* TASK TO CARRY OUT: Copy each line below as it stands, but skip any picture it contains.

----- DATASET CONTENT -----

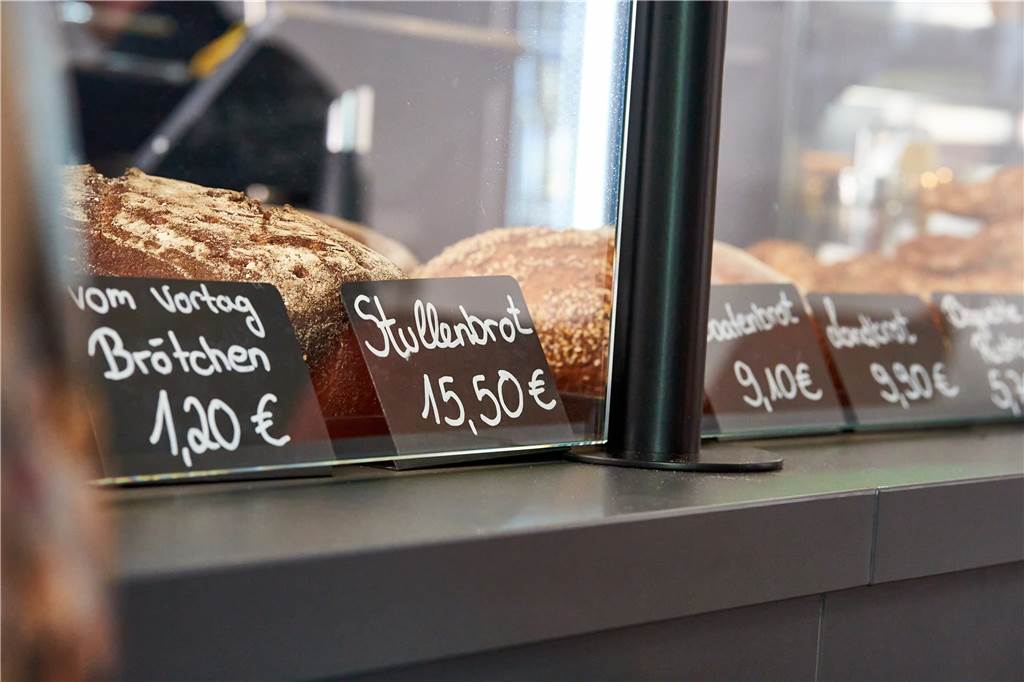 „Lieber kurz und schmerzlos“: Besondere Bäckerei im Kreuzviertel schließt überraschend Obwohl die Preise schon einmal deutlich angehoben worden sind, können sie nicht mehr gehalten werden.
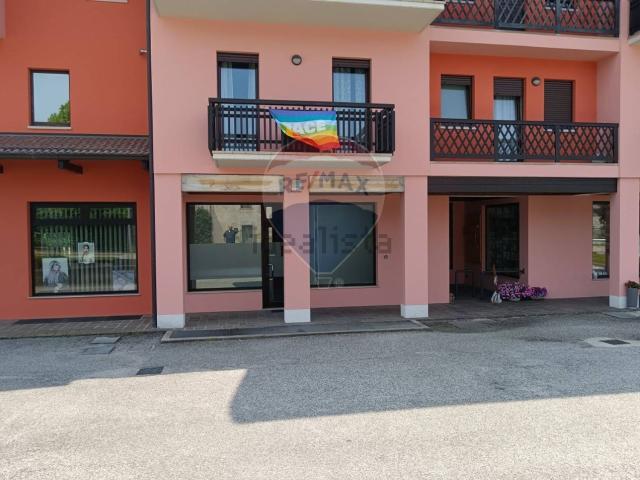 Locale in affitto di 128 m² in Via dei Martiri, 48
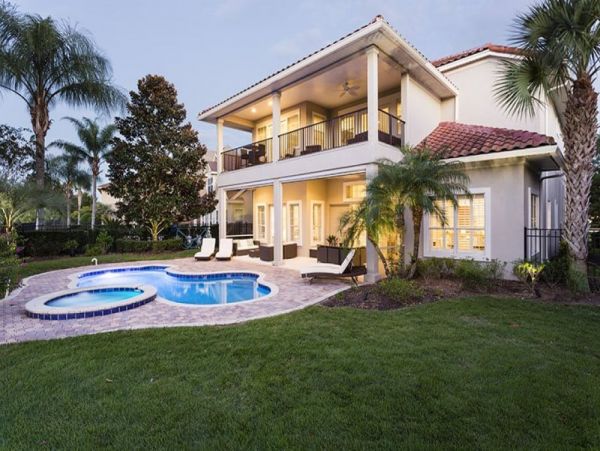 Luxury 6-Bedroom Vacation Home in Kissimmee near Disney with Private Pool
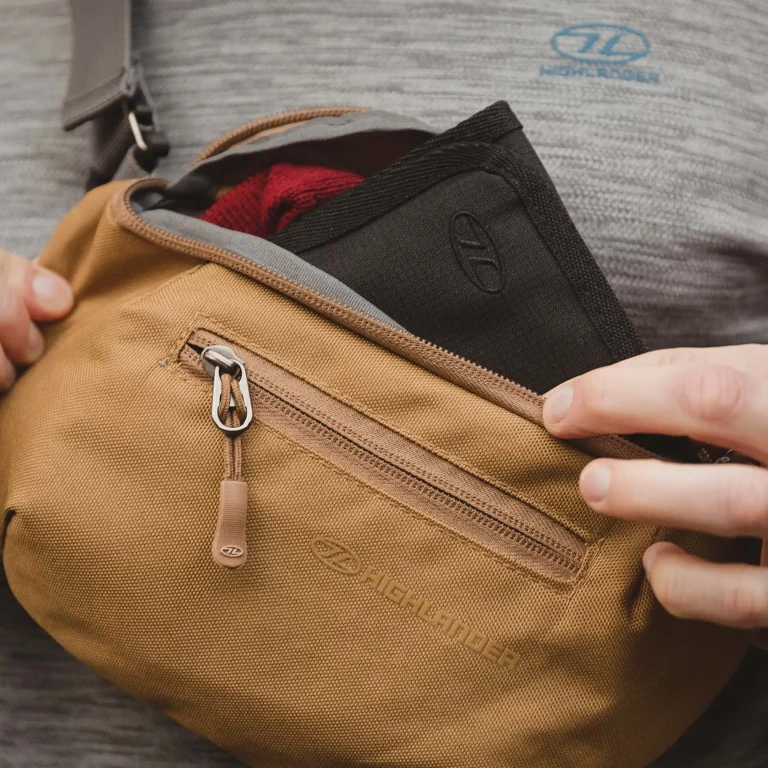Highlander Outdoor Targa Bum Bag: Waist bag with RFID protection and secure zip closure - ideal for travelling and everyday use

-----

* EXERCISE OUTPUT:
 „Lieber kurz und schmerzlos“: Besondere Bäckerei im Kreuzviertel schließt überraschend Obwohl die Preise schon einmal deutlich angehoben worden sind, können sie nicht mehr gehalten werden.
 Locale in affitto di 128 m² in Via dei Martiri, 48
 Luxury 6-Bedroom Vacation Home in Kissimmee near Disney with Private Pool
Highlander Outdoor Targa Bum Bag: Waist bag with RFID protection and secure zip closure - ideal for travelling and everyday use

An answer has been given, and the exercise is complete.